3 Het geding in cassatie
3.1 De belanghebbende heeft tijdig en regelmatig cassatieberoep ingesteld. De Staatssecretaris heeft zich verweerd. De belanghebbende heeft gerepliceerd; de Staatssecretaris heeft uw griffie op 21 mei 2025 bericht dat hij afziet van dupliek.
3.2 De belanghebbende draagt vijf cassatiemiddelen voor: het Hof heeft ten onrechte geoordeeld:
- (r.o. 4.1) dat de licentievergoedingen grotendeels verkapte winstuitdelingen aan de belanghebbende zijn. De onderdelen (a) en (b) van dit middel luiden gelijk aan de onderdelen (a) en (b) van het middel van de BV in zaak 24/04371 (U ziet nader onderdeel 3.2 van mijn conclusie van vandaag in die zaak):
(a) uit de Renpaarden- en Bentley-arresten (BNB 2002/290 en BNB 2008/139) volgt dat getoetst moet worden of de kosten (i) samenhangen met de persoonlijke bijzondere interesse van de aandeelhouder en (ii) in een wanverhouding staan tot het bedrag dat een redelijk handelende ondernemer zou hebben besteed. Het Hof heeft verzuimd aan criterium (i) te toetsen en van gelieerdheid is niet gebleken. HR BNB 1995/15 (tour operator) is bovendien achterhaald door HR BNB 2002/290, dat expliciet zegt dat uitgaven van een vennootschap slechts dan onzakelijk zijn indien en voor zover zij strekken tot bevrediging van persoonlijke aandeelhoudersbehoeften. Ook het wanverhouding-oordeel acht de belanghebbende overigens onjuist omdat niet onderzocht is wat een redelijk handelend ondernemer zou hebben besteed, noch welk nut de licentievergoedingen hadden voor de onderneming.

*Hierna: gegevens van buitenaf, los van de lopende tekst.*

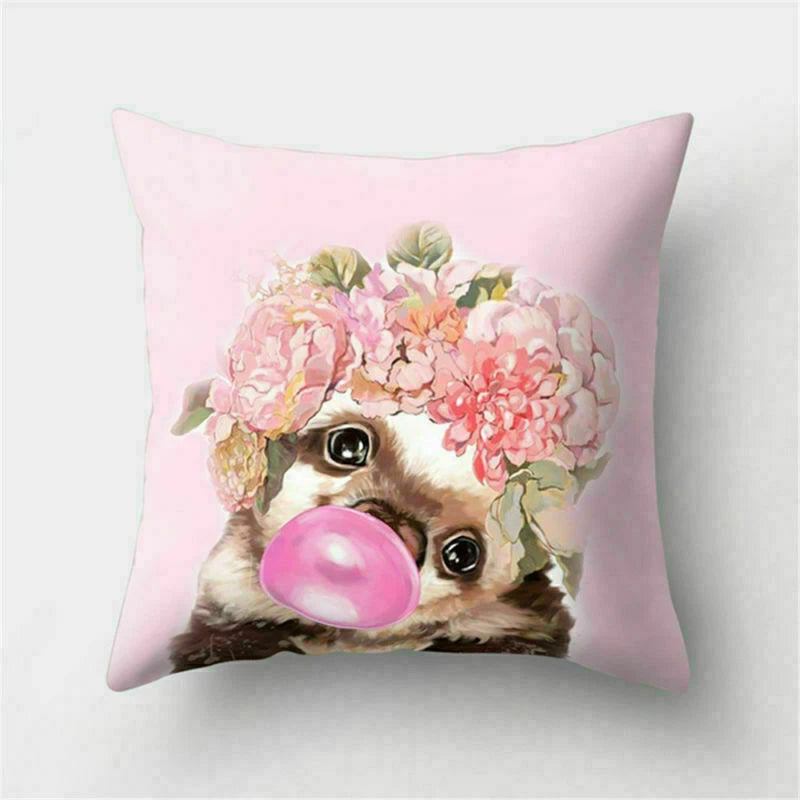 Decor Cushion Pink Throw Cover Case Cute Sofa Cover Animal Home Pillow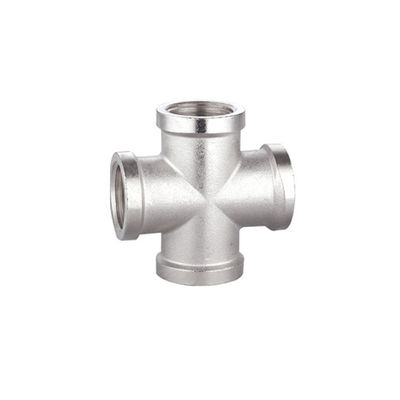 Đầu nối ống nối bằng đồng thau 4 chiều Tee mạ Chrome Loại có lỗ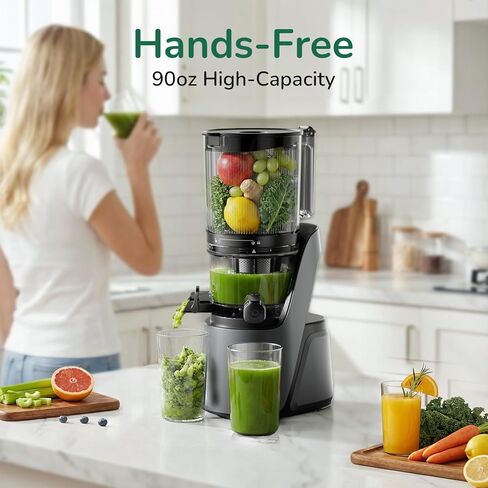 Cold Press Juicer, Masticating Juicer with Quiet Motor, Supports Whole Fruits and Vegetables, Reverse Function, Easy to Clean with Brush in Kuwait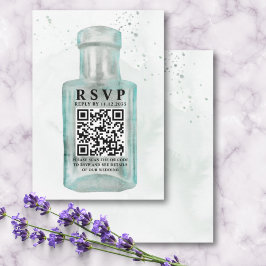 Vintage Flasche QR Code Hochzeit RSVP Karte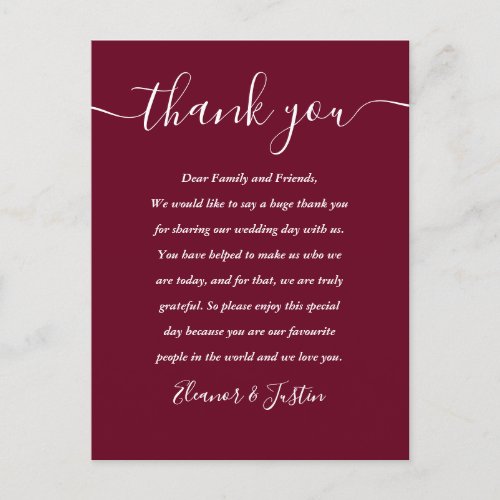 Burgundy Reception Script Thank You Place Card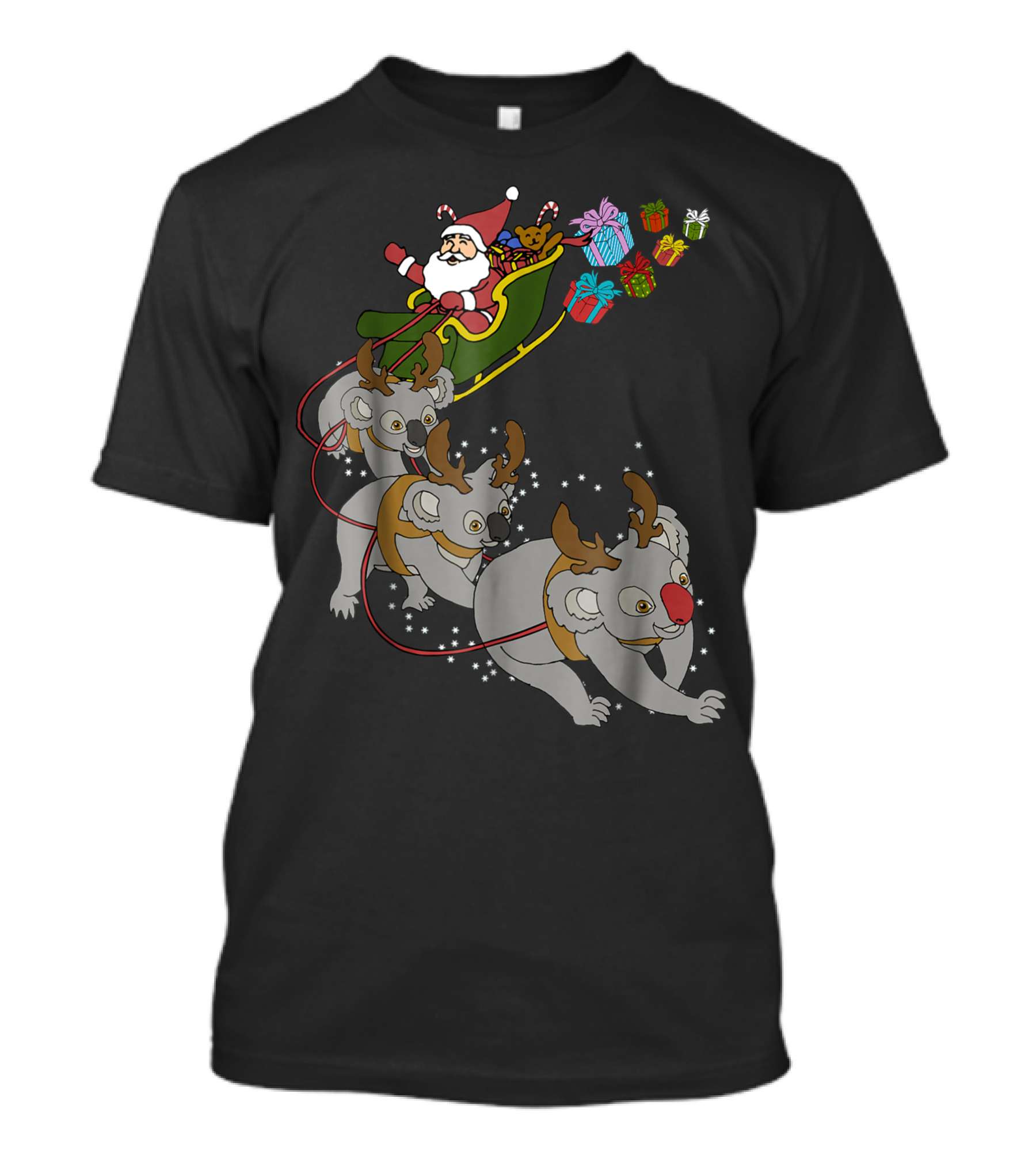 Santa Sleigh With Reindeer Koalas And Christmas Gifts T-Shirt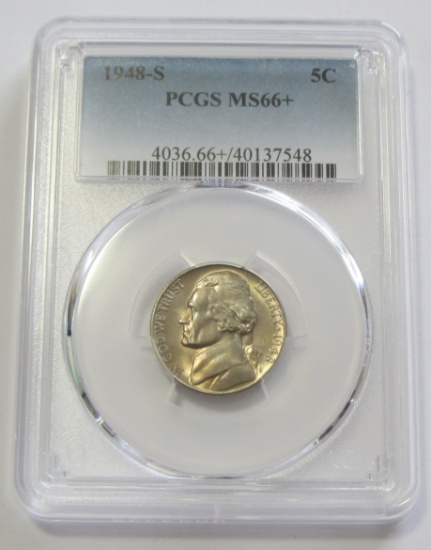 1948-S GRADE RARITY PCGS 66+ NICKEL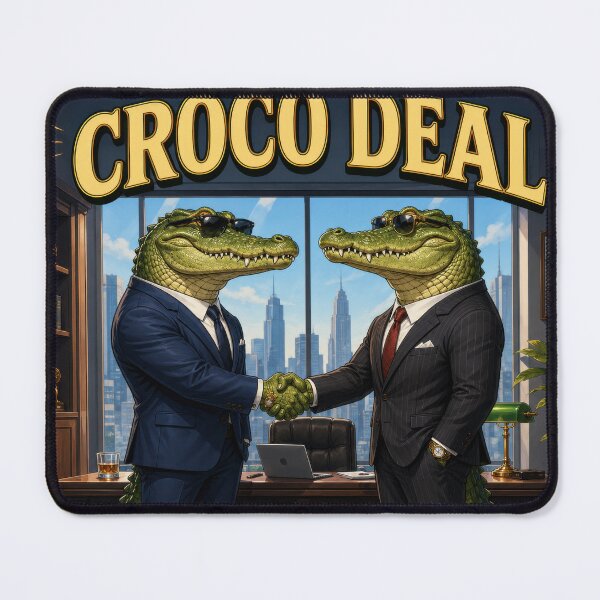 Item preview, Croco Deal – Funny Crocodile Business Deal Pun Illustration designed and sold by WordPlayStudio.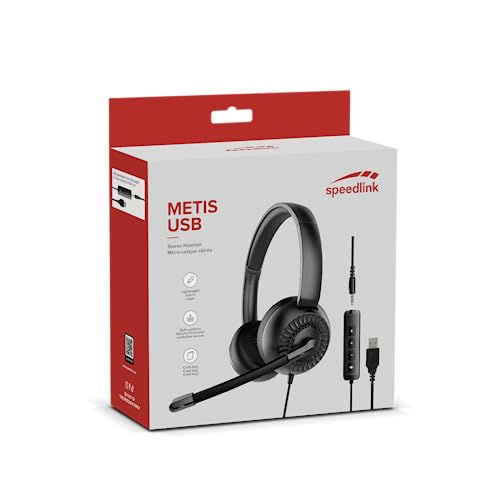 Speedlink METIS Stereo USB Headset PC – leichtes Headset mit Mikrofon und Kabelfernbedienung, kabelgebunden USB-A und 3,5 mm-Klinkenstecker, Kopfhörer mit Kabel, Aufbewahrungstasche, schwarz Bild 5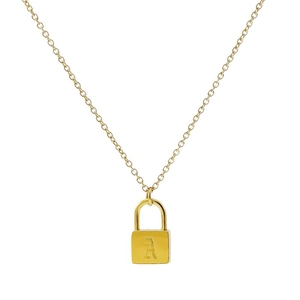 Minimalist 18k gold plated padlock necklace with engraved letter A on a white background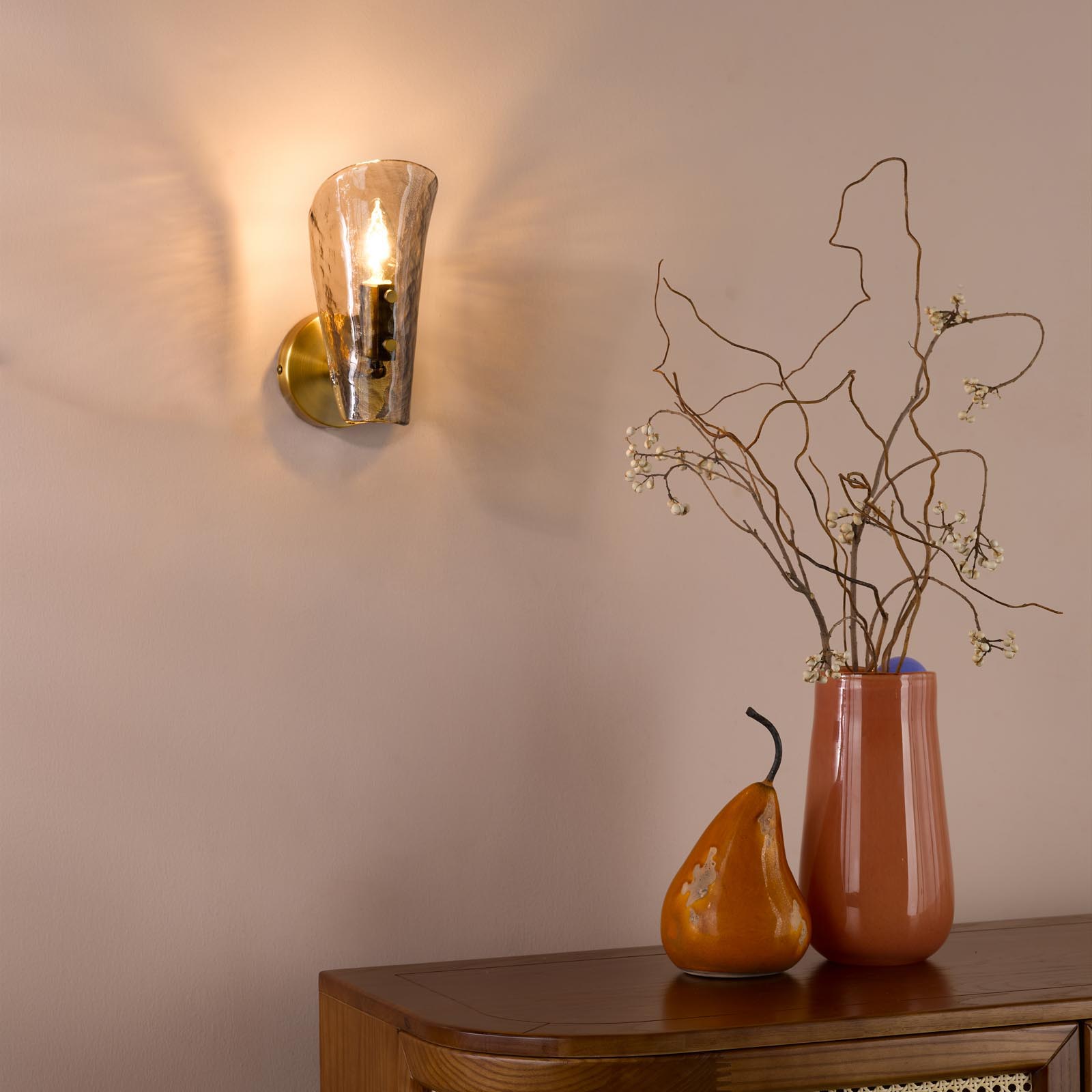 Ordelle Adjustable Wall Light Antique Bronze and Tea Smoked Glass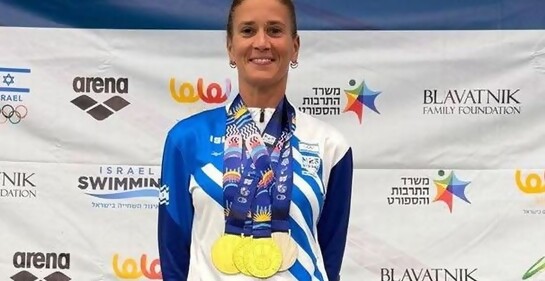Con la nadadora Tamar Klecki, uruguaya israelí, medallista en las Macabeadas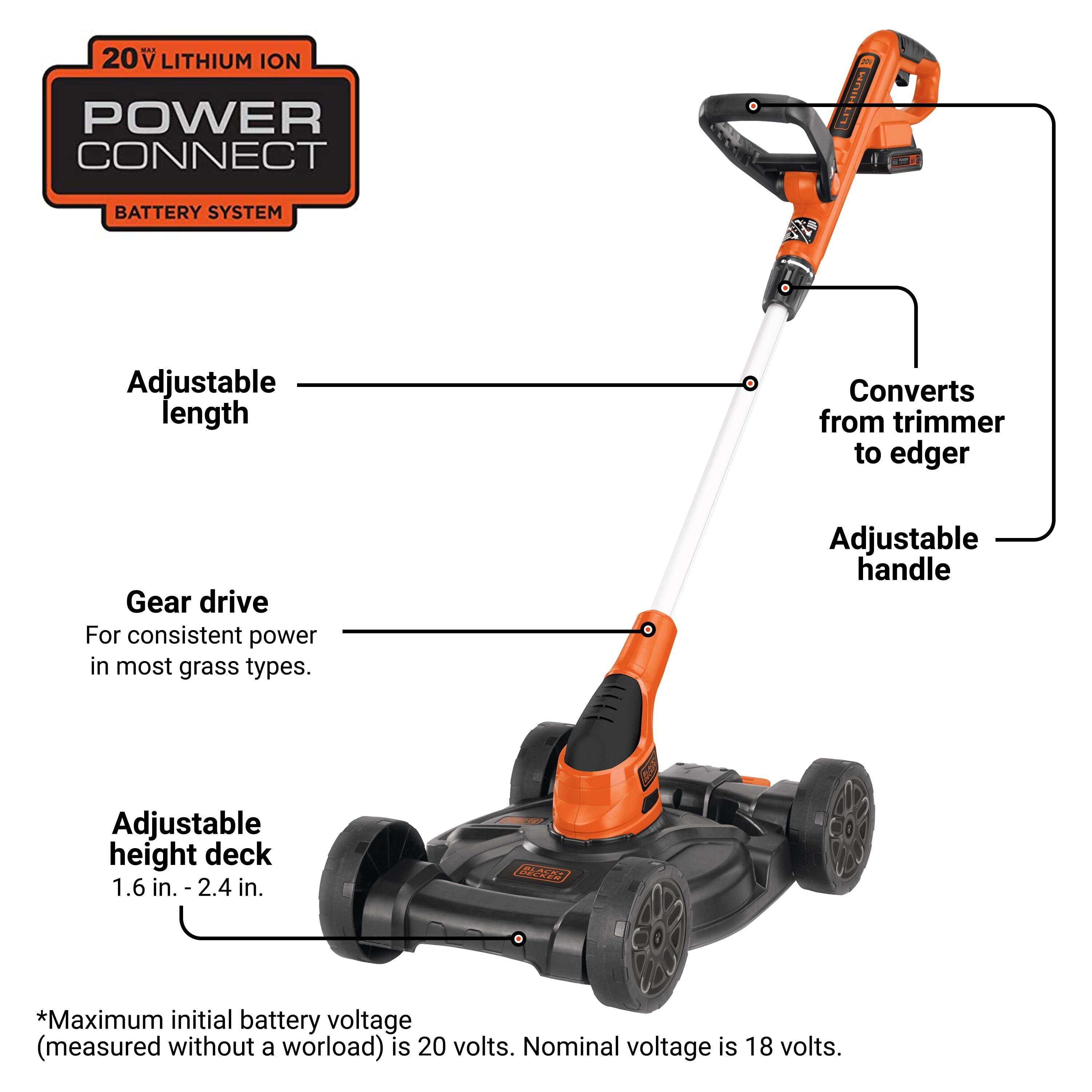 BLACK+DECKER 20V MAX Cordless 12" Lithium-Ion 3-in-1 Trimmer/Edger and Mower + 2 Batteries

(b) het is aan de ondernemer om te bepalen hoe hij zijn onderneming drijft en welke uitgaven nodig zijn (HR BNB 1998/159). Het Hof heeft de uitgaven als te hoog beoordeeld zonder te onderzoeken ofwel of de belanghebbende en [C] gelieerd zijn, ofwel of de uitgaven strekken tot bevrediging van de persoonlijke behoeftebevrediging van aandeelhouders. ‘s Hofs juridische maatstaf is onduidelijk; die kan niet HR BNB 1995/16 zijn omdat vaststaat dat wel degelijk een tegenprestatie is geleverd. De Cessna-arresten (BNB 1983/202 en BNB 2002/210) eisen een toets of geen redelijk denkend ondernemer de licentievergoedingen met het oog op zakelijke belangen van de onderneming zou hebben betaald; die toets heeft het Hof niet uitgevoerd en zijn oordeel dat 10% van de omzet wél zakelijk zou zijn, is dus onbegrijpelijk, althans ongemotiveerd. Zijn eerdere uitspraak over 2007 is niet relevant omdat in die zaak de bewijslast was omgekeerd.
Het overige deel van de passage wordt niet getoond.